Welcome to the Bitfount federated learning tutorials! In this sequence of tutorials, you will learn how federated learning works on the Bitfount platform. This is the sixth notebook in the series.

By the end of this notebook, you will know how to run a Pod that uses image data.

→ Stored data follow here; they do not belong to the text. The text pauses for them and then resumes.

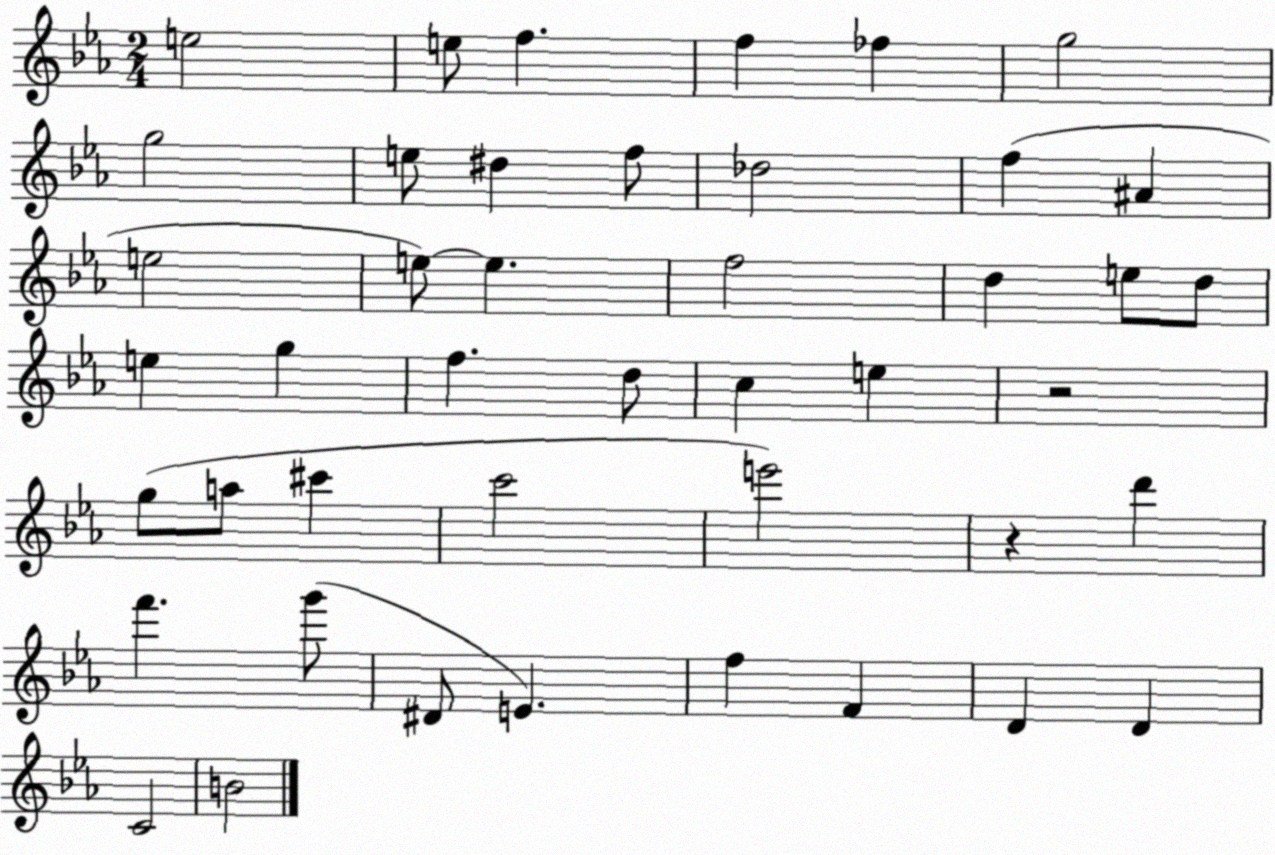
X:1
T:Untitled
M:2/4
L:1/4
K:Eb
e2 e/2 f f _f g2 g2 e/2 ^d f/2 _d2 f ^A e2 e/2 e f2 d e/2 d/2 e g f d/2 c e z2 g/2 a/2 ^c' c'2 e'2 z d' f' g'/2 ^D/2 E f F D D C2 B2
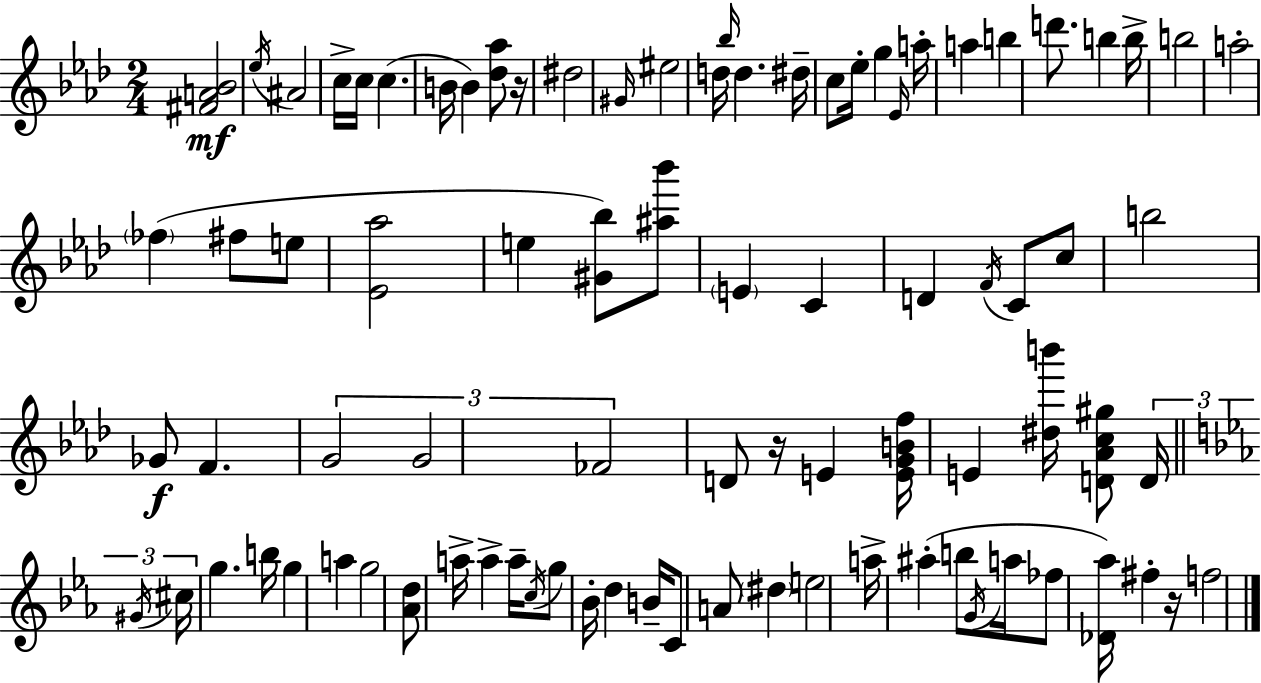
[F#4,A4,Bb4]/h Eb5/s A#4/h C5/s C5/s C5/q. B4/s B4/q [Db5,Ab5]/e R/s D#5/h G#4/s EIS5/h D5/s Bb5/s D5/q. D#5/s C5/e Eb5/s G5/q Eb4/s A5/s A5/q B5/q D6/e. B5/q B5/s B5/h A5/h FES5/q F#5/e E5/e [Eb4,Ab5]/h E5/q [G#4,Bb5]/e [A#5,Bb6]/e E4/q C4/q D4/q F4/s C4/e C5/e B5/h Gb4/e F4/q. G4/h G4/h FES4/h D4/e R/s E4/q [E4,G4,B4,F5]/s E4/q [D#5,B6]/s [D4,Ab4,C5,G#5]/e D4/s G#4/s C#5/s G5/q. B5/s G5/q A5/q G5/h [Ab4,D5]/e A5/s A5/q A5/s C5/s G5/e Bb4/s D5/q B4/s C4/e A4/e D#5/q E5/h A5/s A#5/q B5/e G4/s A5/s FES5/e [Db4,Ab5]/s F#5/q R/s F5/h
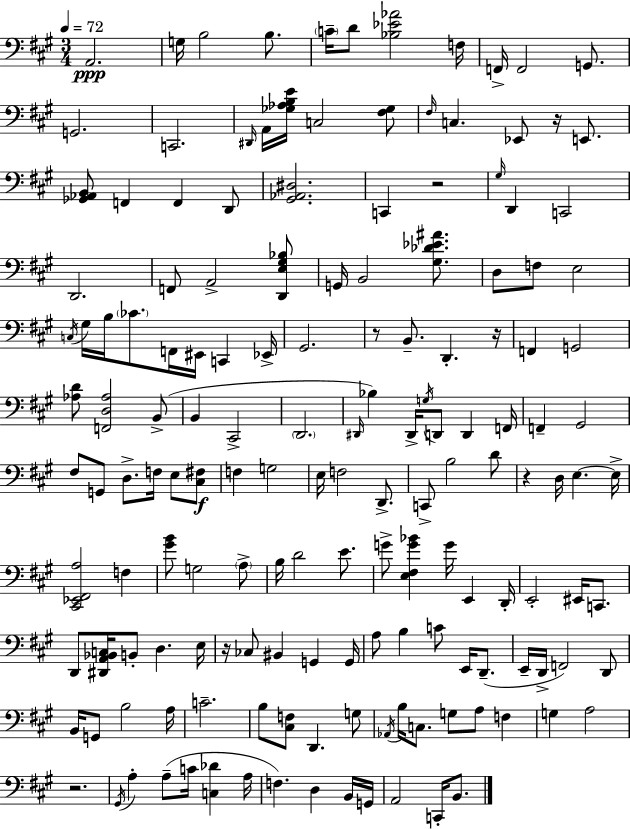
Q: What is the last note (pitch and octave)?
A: B2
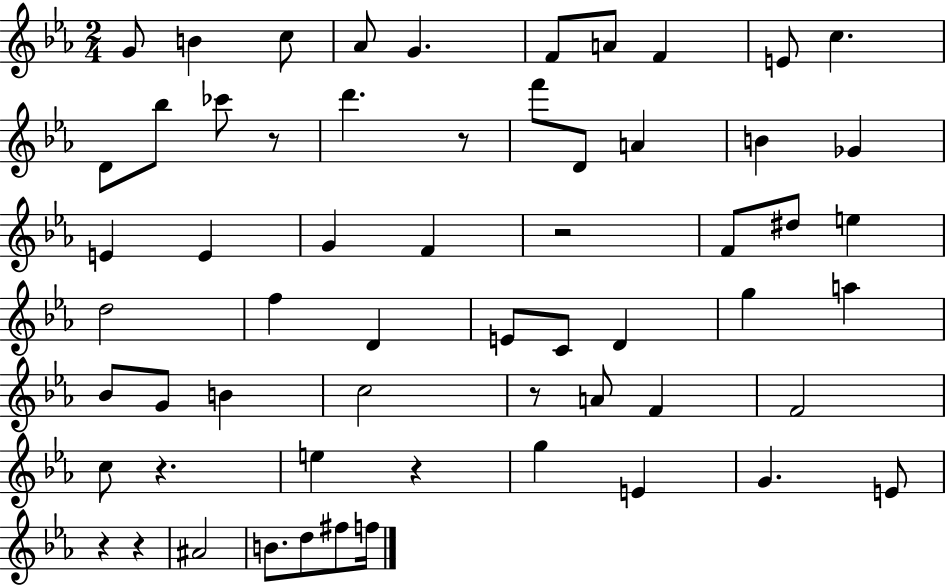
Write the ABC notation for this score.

X:1
T:Untitled
M:2/4
L:1/4
K:Eb
G/2 B c/2 _A/2 G F/2 A/2 F E/2 c D/2 _b/2 _c'/2 z/2 d' z/2 f'/2 D/2 A B _G E E G F z2 F/2 ^d/2 e d2 f D E/2 C/2 D g a _B/2 G/2 B c2 z/2 A/2 F F2 c/2 z e z g E G E/2 z z ^A2 B/2 d/2 ^f/2 f/4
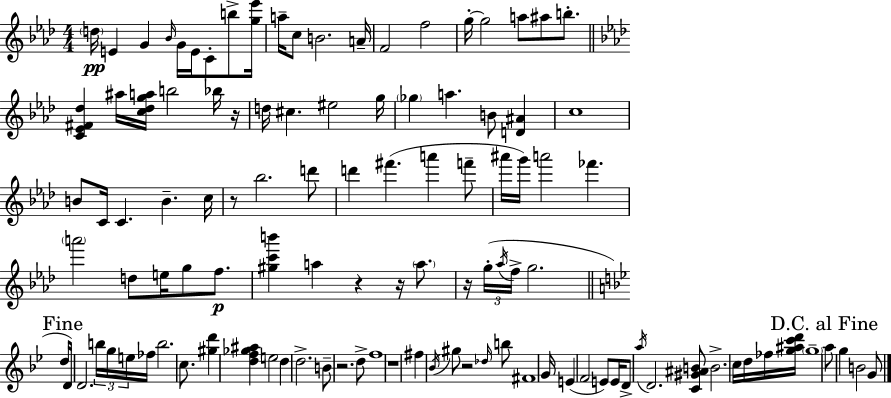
X:1
T:Untitled
M:4/4
L:1/4
K:Fm
d/4 E G _B/4 G/4 E/4 C/2 b/2 [g_e']/4 a/4 c/2 B2 A/4 F2 f2 g/4 g2 a/2 ^a/2 b/2 [C_E^F_d] ^a/4 [c_dga]/4 b2 _b/4 z/4 d/4 ^c ^e2 g/4 _g a B/2 [D^A] c4 B/2 C/4 C B c/4 z/2 _b2 d'/2 d' ^f' a' f'/2 ^a'/4 g'/4 a'2 _f' a'2 d/2 e/4 g/2 f/2 [^gc'b'] a z z/4 a/2 z/4 g/4 _a/4 f/4 g2 d/4 D/4 D2 b/4 g/4 e/4 _f/4 b2 c/2 [^gd'] [df_g^a] e2 d d2 B/2 z2 d/2 f4 z4 ^f _B/4 ^g/2 z2 _d/4 b/2 ^F4 G/4 E F2 E/2 E/4 D/2 a/4 D2 [C^G^AB]/2 B2 c/4 d/4 _f/4 [g^ac'd']/4 g4 a/2 g B2 G/2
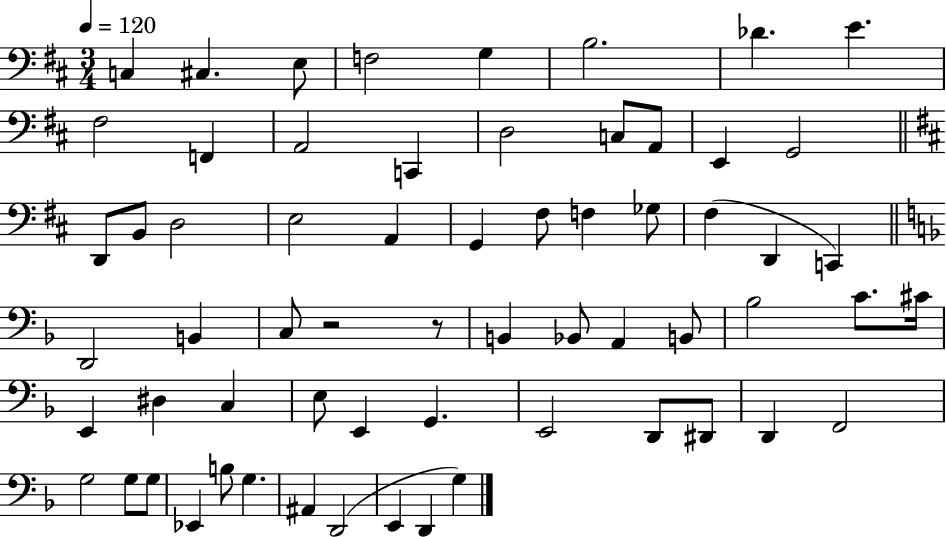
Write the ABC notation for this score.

X:1
T:Untitled
M:3/4
L:1/4
K:D
C, ^C, E,/2 F,2 G, B,2 _D E ^F,2 F,, A,,2 C,, D,2 C,/2 A,,/2 E,, G,,2 D,,/2 B,,/2 D,2 E,2 A,, G,, ^F,/2 F, _G,/2 ^F, D,, C,, D,,2 B,, C,/2 z2 z/2 B,, _B,,/2 A,, B,,/2 _B,2 C/2 ^C/4 E,, ^D, C, E,/2 E,, G,, E,,2 D,,/2 ^D,,/2 D,, F,,2 G,2 G,/2 G,/2 _E,, B,/2 G, ^A,, D,,2 E,, D,, G,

Let's import the relevant pieces from our API reference for constructing a Pod. While several of these are optional, it is best practice to import them all for flexibility.

In [None]:
import logging

import nest_asyncio

from bitfount import CSVSource, Pod
from bitfount.runners.config_schemas import (
    DataSplitConfig,
    PodDataConfig,
    PodDetailsConfig,
)
from bitfount.runners.utils import setup_loggers

nest_asyncio.apply()  # Needed because Jupyter also has an asyncio loop

Let's set up the loggers. The loggers are necessary to ensure you can receive real-time feedback on your task's progress or error messages if something goes wrong:

In [None]:
loggers = setup_loggers([logging.getLogger("bitfount")])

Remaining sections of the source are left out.